Additional Qs & As: Bill S-4 – COVID-19 response and other measures

Q41. How do the amendments deal with connectivity in rural/remote communities?
  • While the Bill proposes amendments to clarify and expand the types of remote proceedings that may be held under the Criminal Code, it does not place an obligation on the courts to use them. It merely gives courts increased flexibility where the technological infrastructure exists and where it is appropriate.
  • The amendments would also ensure the court’s flexibility to cease the use of the technological means for a remote appearance and to take any measure that it considers appropriate in the circumstances to have the person appear at or participate in the proceeding in a different way. That way, if connectivity issues or concerns over the effectiveness of the technology arise, the court can take steps to address them.
  • The Government of Canada has also committed to support efforts to bring the court system into the 21st century and will work with the provinces and territories to do so. Moreover, the Government of Canada continues to make investments to connect 98 per cent of Canadians across the country to high-speed Internet by 2026, with the goal of connecting all Canadians by 2030.
Q42. What are the rules of consent surrounding remote appearances related to the Bill?
  • The provisions that address remote appearances are located in different parts of the Criminal Code; the rules of consent vary and are specified in each provision.
  • Bill S-4 would clarify and expand the availability of remote appearances, including the requirements for consent with respect to certain proceedings throughout the various stages of the criminal justice process from jury selection all the way through to sentencing.
Q43. Why does the Bill contain a provision where the accused may be required to appear remotely without consent?

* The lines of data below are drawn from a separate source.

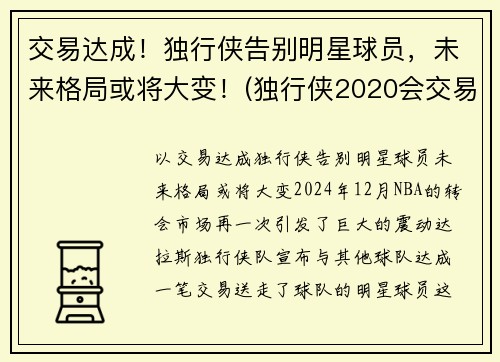 交易达成！独行侠告别明星球员，未来格局或将大变！(独行侠2020会交易谁)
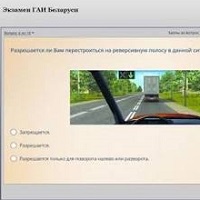 Экзамен ГАИ Беларуси v2023.2.0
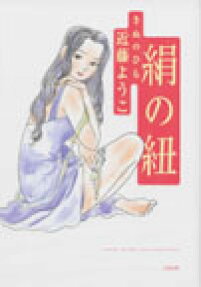 Kinu no Himo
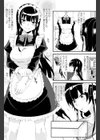 なでしこめいどっ！試し読み4ページ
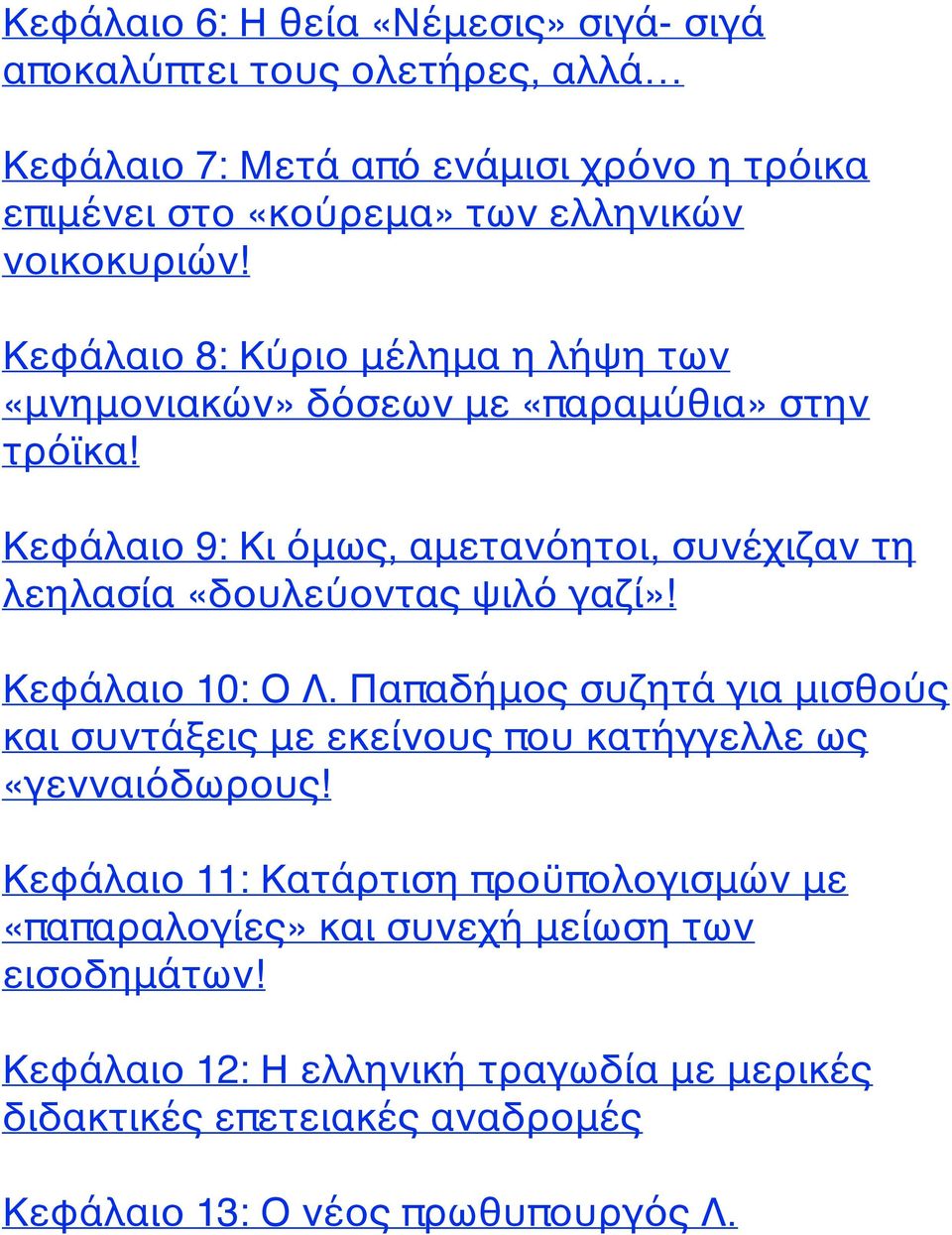 Κεφάλαιο 9: Κι όμως, αμετανόητοι, συνέχιζαν τη λεηλασία «δουλεύοντας ψιλό γαζί»! Κεφάλαιο 10: Ο Λ.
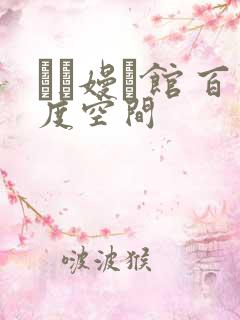 晍朲嫚婳馆 百度空间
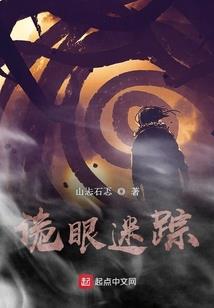属猴人生属牛宝宝好不好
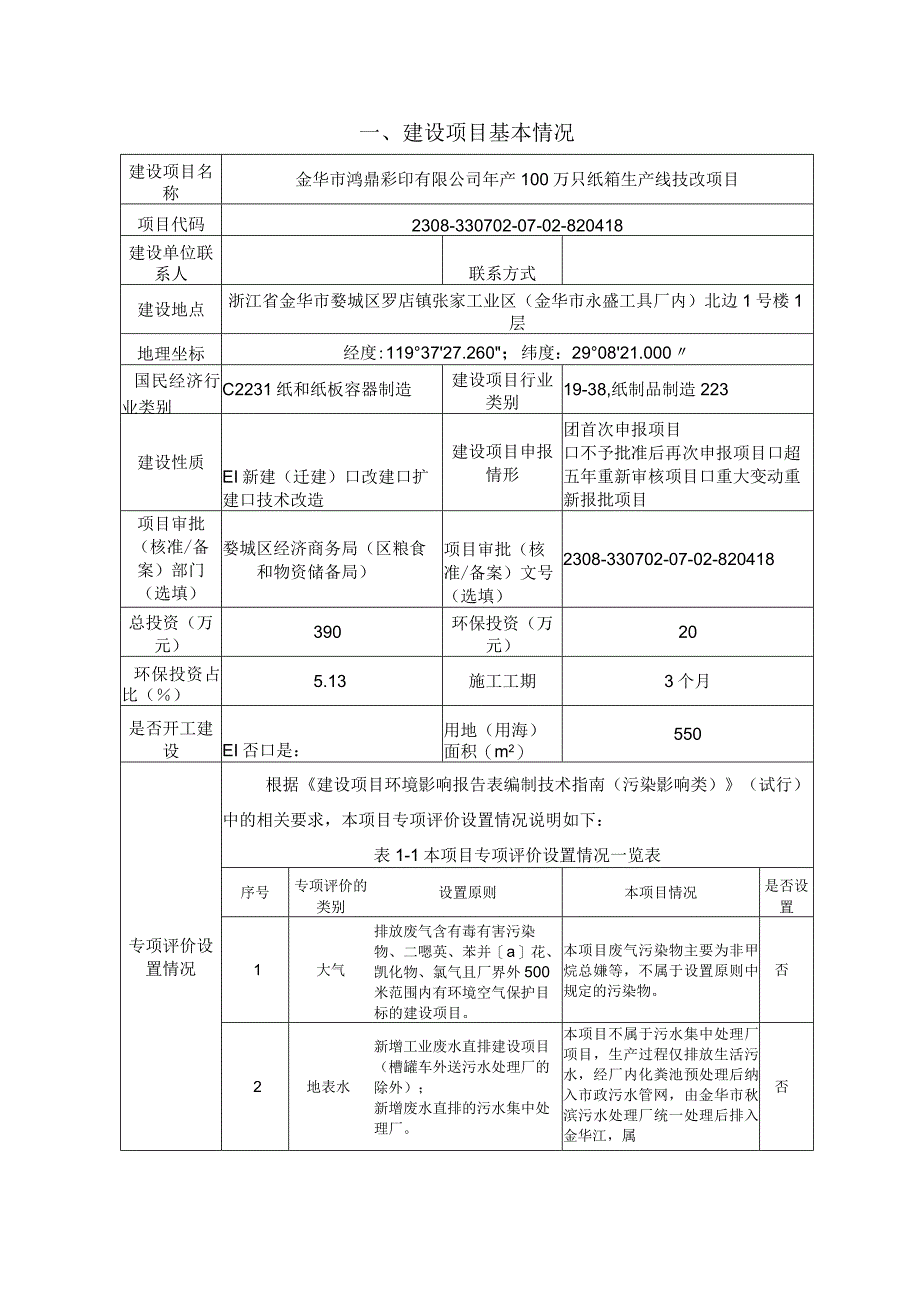 金华市鸿鼎彩印有限公司年产100万只纸箱生产线技改项目环评报告.docx_第3页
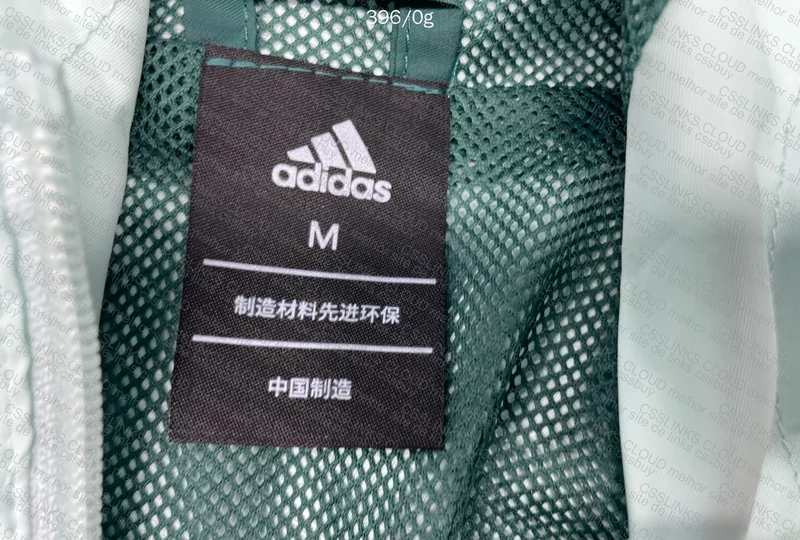 Mexico Windbreaker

  • The Bill would relocate and reenact an existing power of the court to require, without consent, an in-custody accused who has access to legal advice to appear by videoconference in a preliminary inquiry hearing or trial except when the evidence of a witness is being taken (clause 46, section 715.241). This power does not extend to pleas or sentencing.
  • The Bill would maintain this power so that it continues to be available where it is appropriate, such as where an accused who is in custody and has access to videoconferencing technology and legal advice is required to attend a matter relating to a preliminary inquiry or trial where no evidence is being presented, despite consent not being forthcoming.
Q44. Does the Bill address an offender’s consent to a remote appearance for a hearing of a breach of a conditional sentence order (CSO)?
  • Yes. Bill S-4 proposes an amendment (clause 46, section 715.235) that would expressly allow an offender to appear by videoconference or audioconference for sentencing purposes, with their consent and that of the prosecutor where the court considers it appropriate. The Bill further provides that sentencing by audioconference would only occur where the court is satisfied that videoconferencing is not readily available.
  • A breach of a CSO does not result in a new offence charged; the hearing for a breach of a CSO (section 742.6 of the Criminal Code) is considered to be a sentencing proceeding, and would be covered by the proposed amendment to allow an offender to appear by audioconference or videoconference for sentencing purposes.